On August 6, 1945, the United States of America became the first – and, to this day, the only – nation to use atomic or nuclear weapons in actual hostilities (as opposed to testing). The unconditional surrender of Japan quickly followed, bringing an end to World War II.

For 70 years now, the anniversaries of the Hiroshima and Nagasaki bombings have occasioned debate on whether or not those bombings were necessary, and whether or not they were justifiable.

Many World War II veterans – and others – stand on simple necessity to justify the bombings. A US invasion of Japan’s home islands, they argue, would have entailed a million or more US military casualties, and even more Japanese civilian casualties than are attributed to the atomic attacks.

The argument is facially persuasive. As of August 1945, my grandfather and my wife’s father were both serving in the US Navy in the Pacific. There certainly existed a nontrivial likelihood that either or both of them would have died in subsequent battles had the war not ended. For obvious reasons, we’re grateful they came home alive.

The persuasiveness of the argument fades when we consider the facts: Conditional surrender had been on offer since late 1944, the condition being that Emperor Hirohito remain on the throne. The US fought two of the war’s bloodiest battles – Iwo Jima and Okinawa, at a cost of tens of thousands of Americans killed – then unleashed Little Boy and Fat Man on Japan’s civilian population, rather than accept that condition. But once the war was over, Hirohito was allowed to remain Emperor.
That aside, words mean things, and neither our happiness at our ancestors’ survival nor any military argument for insisting on unconditional surrender and dropping atomic bombs to get it changes the character of what happened at Hiroshima and Nagasaki.

Terrorism, per WordNet, is “the calculated use of violence (or the threat of violence) against civilians in order to attain goals that are political or religious or ideological in nature.” The Hiroshima and Nagasaki bombings meet that definition in spades.
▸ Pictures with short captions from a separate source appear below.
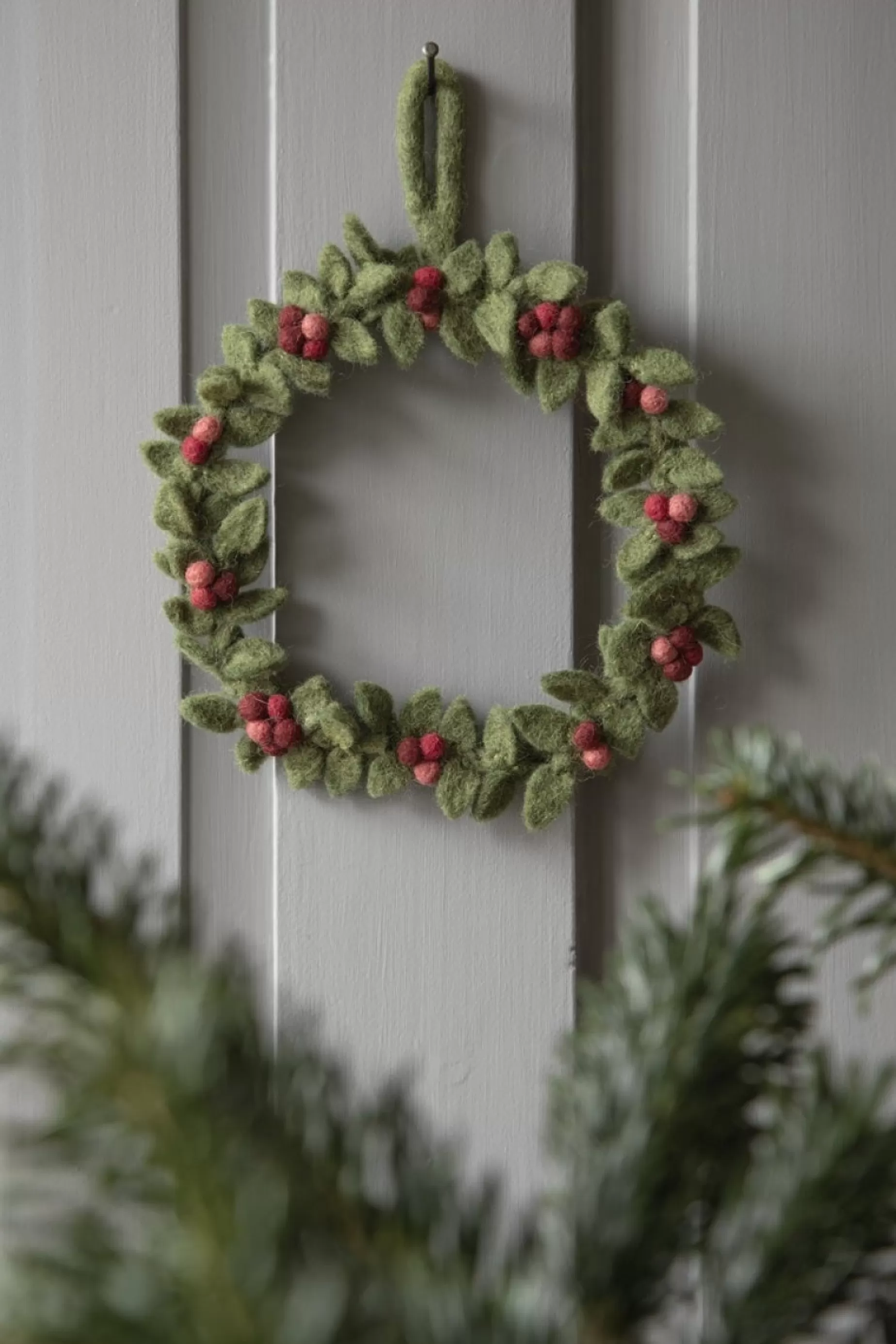 En Gry & Sif Felt Christmas Wreath - Large Holly | Wreaths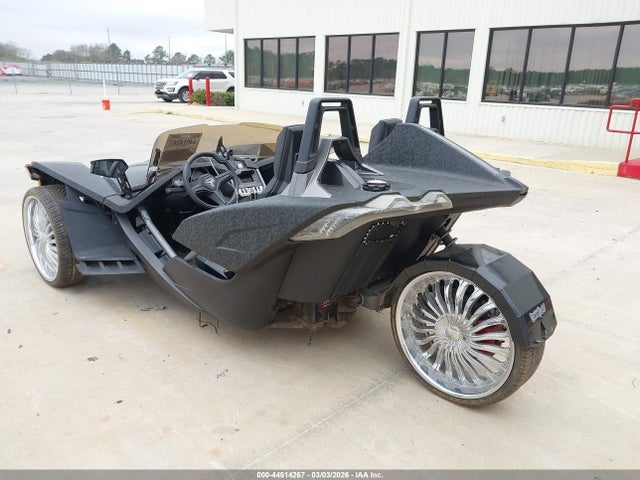 2015 POLARIS SLINGSHOT 57XAASFA8F5103778 Photo 2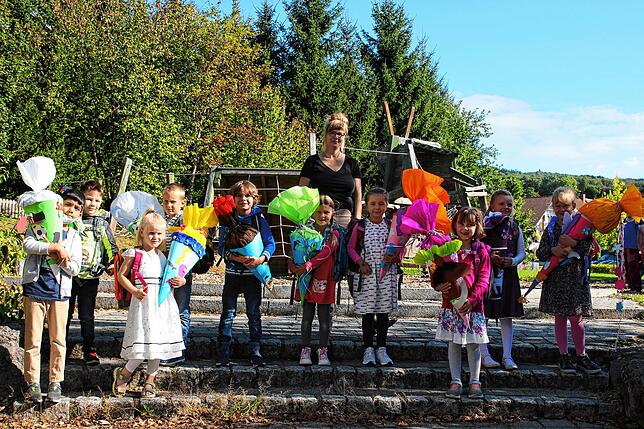 In der Grundschule Beuren werden die Kinder der jahrgangsgemischten Klasse 1/2, der „Eulenklasse“, von Sonja Fahlenbock ...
US president Harry S. Truman ordered, consciously and with premeditation, the murder of somewhere between 100,000 and 250,000 civilians in pursuit of his political goal of unconditional Japanese surrender.

Whether or not an act constitutes terrorism doesn’t depend on whether or not its goals are laudable. Every terrorist and supporter of terrorism in history, save a handful of thorough nihilists, has justified his or her atrocities on the basis of the desired outcomes, claiming that a few innocent lives sacrificed now means more innocent lives saved later.

But innocent lives are not ours to sacrifice. Murder is murder and terrorism is terrorism, no matter what nationalist or patriotic colors we wrap them up in and no matter what ribbon of “necessity” we stick atop them.

Even if we accept the “necessity” argument for the murders at Hiroshima and Nagasaki, they remain something to regret and to mourn, not something to justify or to celebrate.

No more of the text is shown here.